Die Ursache dieser Entwicklungsstörung ist nicht bekannt. Sie tritt unter anderem als Zeichen eines Keratoglobus, meist mit Kurzsichtigkeit und hohem Astigmatismus, auf.[4][3]

Bei angeborenen Formen erfolgt die Vererbung meistens X-chromosomal-rezessiv, viel seltener autosomal[5]

Im Rahmen von Syndromen

Die Megalokornea tritt häufig im Rahmen eines Marfan-Syndromes auf.[7]
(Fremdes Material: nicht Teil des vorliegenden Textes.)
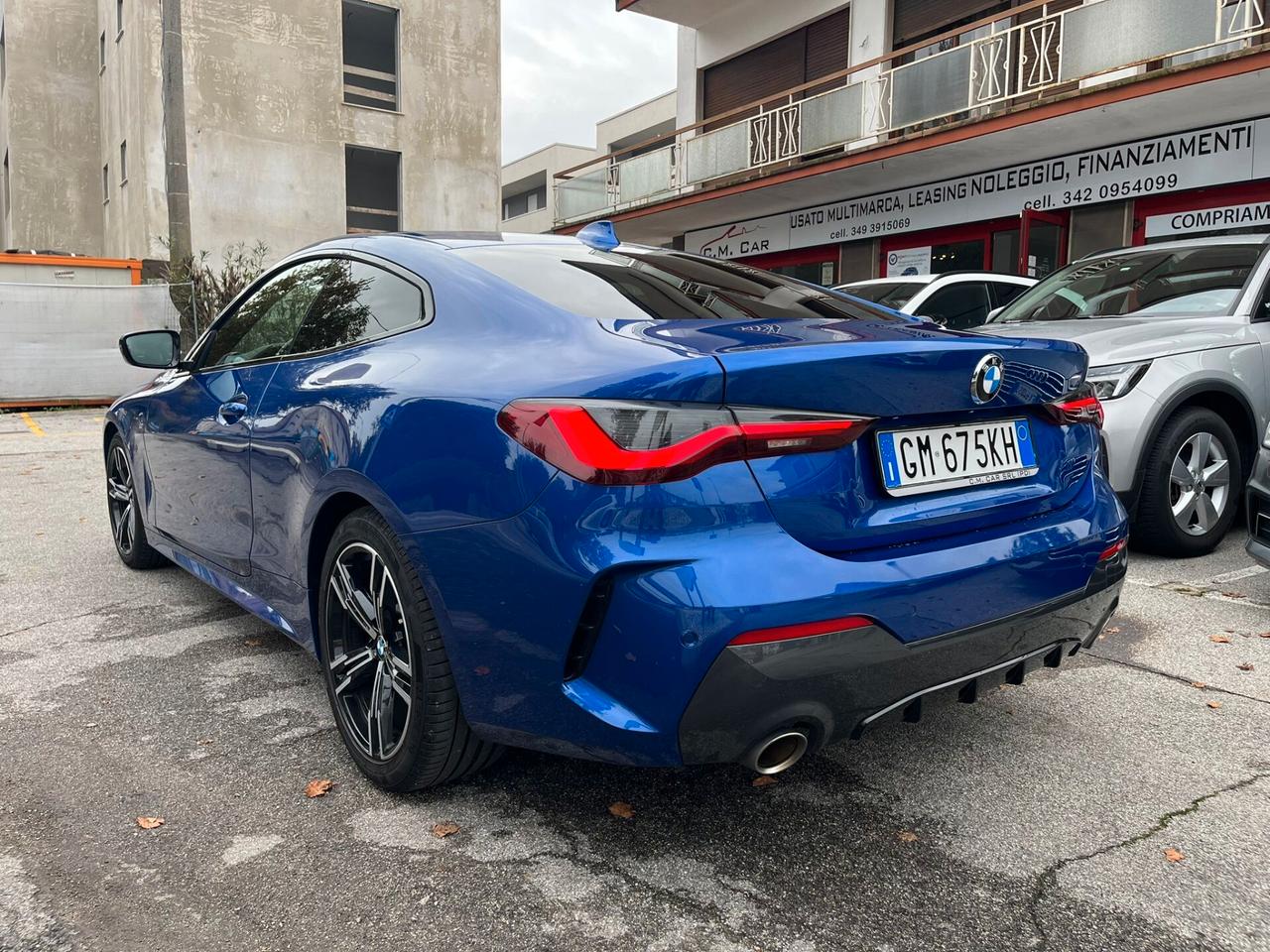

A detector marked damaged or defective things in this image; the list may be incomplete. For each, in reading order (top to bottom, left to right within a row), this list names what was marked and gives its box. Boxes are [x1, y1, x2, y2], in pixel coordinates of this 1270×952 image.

  • Anophthalmie – Megalokornea – Kardiopathie – Skelettanomalien (Cassia-Stocco-dos Santos-Syndrom)[8]
  • Megalokornea – Sphärophakie – sekundäres Glaukom[9]
  • Megalokornea – Intelligenzminderung-Syndrom (Megalokornea – geistige Retardierung; MMR-Syndrom; Neuhäuser-Syndrom)[10][11]

Weiter ist es Symptom beim Diallinas-Amalric-Syndrom, dem N-Syndrom und der Adrenomyodystrophie.[11]

Literatur

  • S. C. Goebels, B. Seitz, B. Käsmann-Kellner: Was hast du für große Augen? In: Der Ophthalmologe : Zeitschrift der Deutschen Ophthalmologischen Gesellschaft. Bd. 110, Nr. 12, Dezember 2013, S. 1188–1191, doi:10.1007/s00347-013-2791-4, PMID 23595650.
  • O. Roche, P. Dureau, Y. Uteza, J. L. Dufier: La mégalocornée congénitale. In: Journal français d'ophtalmologie. Bd. 25, Nr. 3, März 2002, S. 312–318, PMID 11941259 (Review).